Elizabeth Bird is currently the Collection Development Manager of the Evanston Public Library system and a former Materials Specialist for New York Public Library. She has served on Newbery, written for Horn Book, and has done other lovely little things that she'd love to tell you about but that she's sure you'd find more interesting to hear of in person. Her opinions are her own and do not reflect those of EPL, SLJ, or any of the other acronyms you might be able to name. Follow her on Twitter: @fuseeight.


  1. In re: rejacketification of Our Harry. I’m with your husband. pfffffffffffft. Mirror, schmirror. The whole point of HP #1 is, if you cast your mind back (remember that odd German cover?) that he can FLY!

  2. Fuse #8 says:

    Hmm. You may have a point, mom.

  3. Andrea Beaty says:

    Phew! I thought you meant that they were ditching Mary GrandPre for the new covers. That would have been just plain sad. These are fun. Just a tiny morsel more of Harry Potterness to nosh upon.

    I also must say that the cover to Deathly Hallows did not make sense to me. In my mind, the final conflict didn’t take place in an arena-like place. Maybe I should re-read it.
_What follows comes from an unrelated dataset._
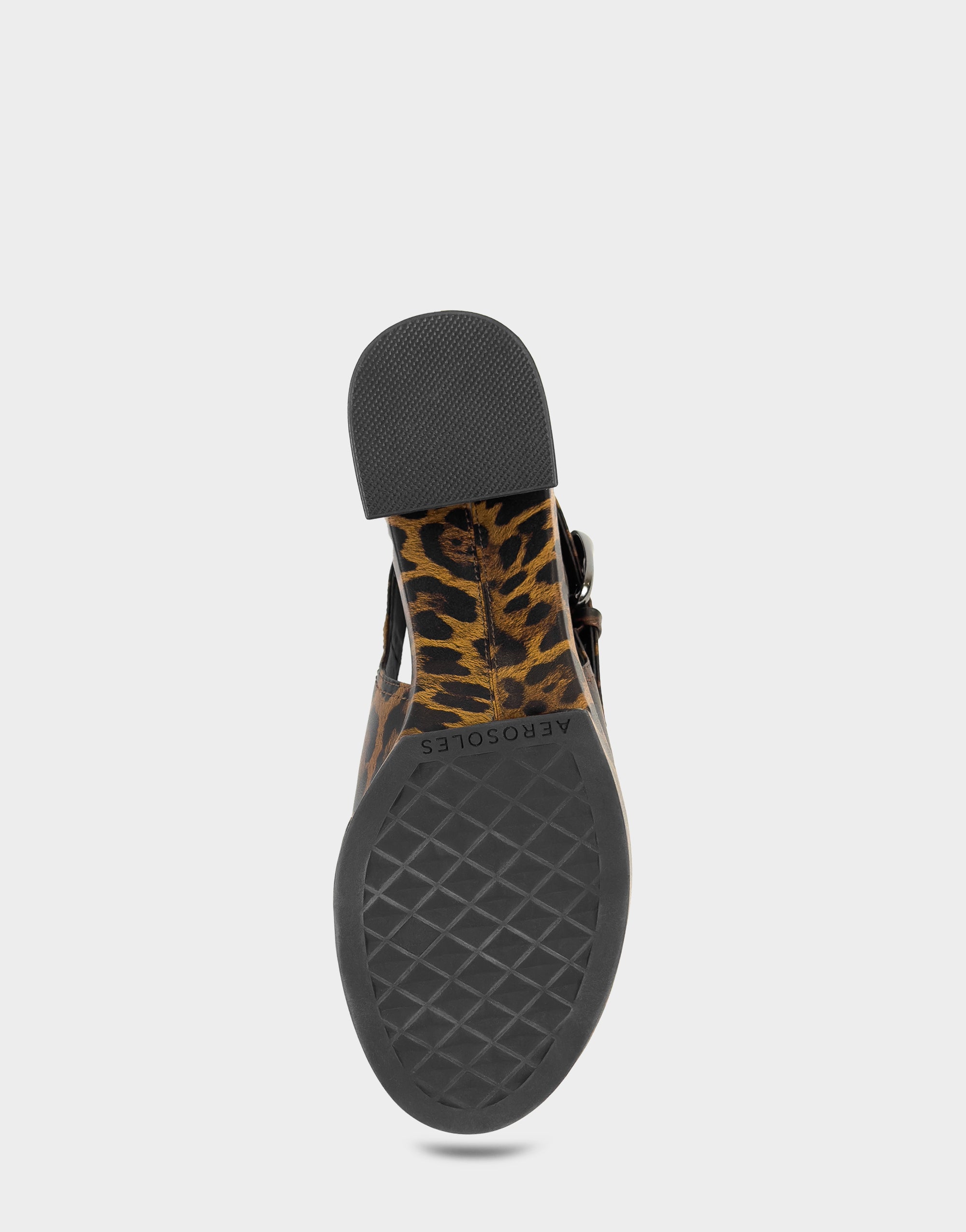 Women's Platform Sandal in Leopard Print – Aerosoles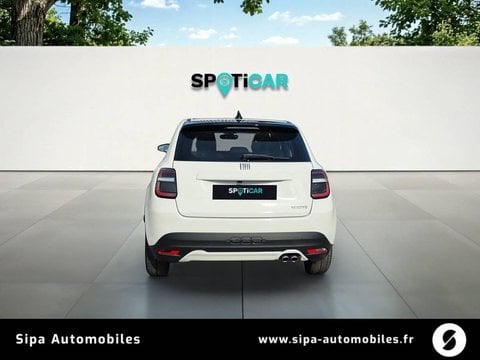 Voitures D'occasion À Dax | Fiat 600 T-Gen 3 1.2 Hybrid 145Ch Edct6 Icône 5P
  4. Fuse, where will all the books go? The librarians? You? (Did you cover this already and did I miss it?)


  5. Fuse #8 says:

    Ah. I have that information but I’m planning on having a great big beautiful post for when the time comes. Rest assured in the meantime that everyone and everything will have a good home soon.

  6. JeanneBirdsall says:

    Oh, Betsy, YES to Jane Gardam. (And, yes, I stole her name for my book). Have you read Bilgewater? One of my favorites of hers.

  7. Fuse #8 says:

    No, I’d never heard of her before her book won the Phoenix. Jane is named after Ms. Gardam? I had no idea. I should probably seek out her other works then, yes?

  8. JeanneBirdsall says:

    No, sorry to be oblique and assume everyone knows everything about my books. Jane is named after Jane Austen. Gardam Street, where the Pens live, is named after Jane Gardam. And, oh yes, you should seek out her other books. You have a long and splendid feast ahead of you.

  9. klonghall says:

    So cool, comments from Jeanne Birdsall! My 11 year-old son LOVES the Penderwicks. (I was honestly a little surprised, because I thought it would appeal more to girls. What do I know?) His rock star of a 5th grade teacher read the first one to their class this past year. I think he loved everything she read to them. She was one of THOSE kinds of teachers. (I miss her already. Our last day of school was last week.)

    I have the second ready to come with us to the beach next week. I find The Penderwicks so refreshing, after so many middle-grade fiction books full of heavy subjects.

    This blog is the hottest place for both readers and writers alike, I guess. You are a bit of a “rock star” in the children’s lit world, yourself, Ms. Betsy. (That’s what the kids would call you down here in the south!)

  10. Fuse #8 says:

    Aw. Thanks. But I’m less rock star and more like that groupie that gets up at 4 a.m. to stand in line at a stage door with a half a cup of cold coffee and a glazed half-crazy look in her eyes.